# Laser During Vape Session Indoors



## Lee_T (26/3/14)

Lee

Reactions: Like 4


----------



## johan (26/3/14)

New Art Form

Reactions: Like 1


----------



## Riaz (26/3/14)

is the laser emanating from your vape gear  coz that will be awesome

Reactions: Like 1


----------



## Lee_T (26/3/14)

Riaz said:


> is the laser emanating from your vape gear  coz that will be awesome


That's a project in the works.



Lee


----------



## Riaz (26/3/14)

Lee_T said:


> That's a project in the works.
> 
> 
> 
> Lee



wow

looks lovely man

reminds me of the rave party days


----------



## Lee_T (26/3/14)

Good times eh?









Lee

Reactions: Funny 1


----------



## Riaz (26/3/14)

Lee_T said:


> Good times eh?
> 
> 
> 
> ...



hell yeah

Reactions: Like 1


----------



## Mklops (26/3/14)

@Lee_T , I assume that you have a fascination or passion for lasers?



Lee_T said:


> That's a project in the works.
> 
> 
> 
> Lee


 
You seriosuly working on the project? Would be interesting to hear/see what you cooking up!

Reactions: Like 1


----------



## Die Kriek (26/3/14)

I can already picture that. Vape at one end, laser at the other, sit down to have a vape and press the wrong button. I hope you don't have cats!

Reactions: Funny 2


----------



## Lee_T (26/3/14)

Mklops said:


> @Lee_T , I assume that you have a fascination or passion for lasers?
> 
> 
> 
> You seriosuly working on the project? Would be interesting to hear/see what you cooking up!

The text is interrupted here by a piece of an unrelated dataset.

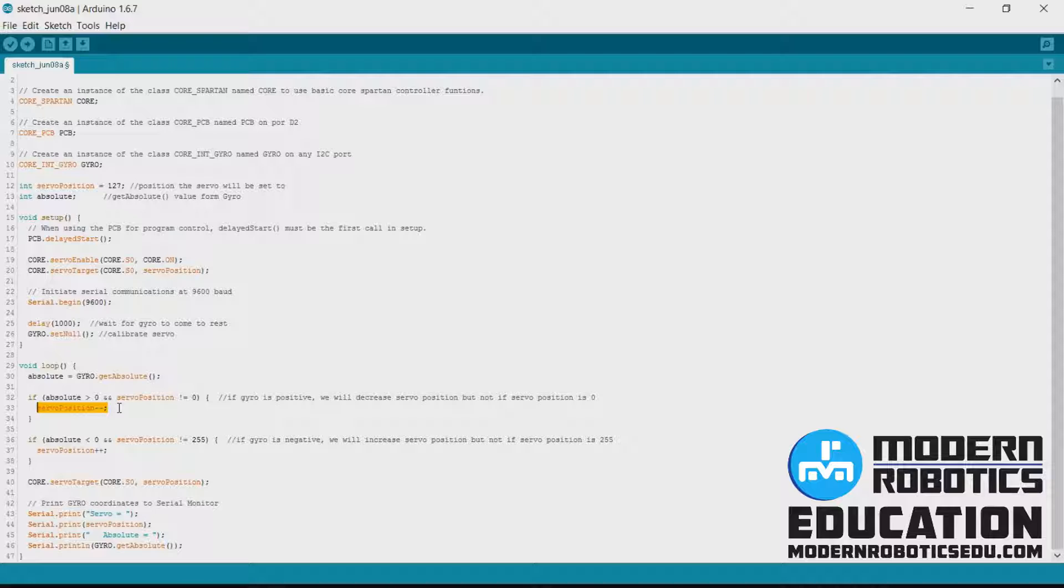We're going to do this in two parts. The first part is just going to try to stay at zero. The second part you'll be able to enter in a heading and it'll go to that heading so you can turn using a gyro.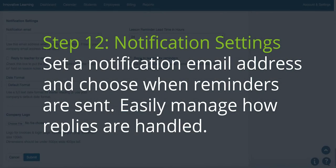Step 12. Notification Settings. Set a notification email address and choose when reminders are sent. Easily manage how replies are handled.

In between homework and such. I'll get around to updating somewhere down the line. Thanks.



Lee

Reactions: Like 1


----------



## CraftyZA (26/3/14)

Hahaha, a few weeks ago we did the exact same thing!!!

Reactions: Like 2


----------



## Lee_T (26/3/14)

CraftyZA said:


> Hahaha, a few weeks ago we did the exact same thing!!!


It's the future, man.



Lee


----------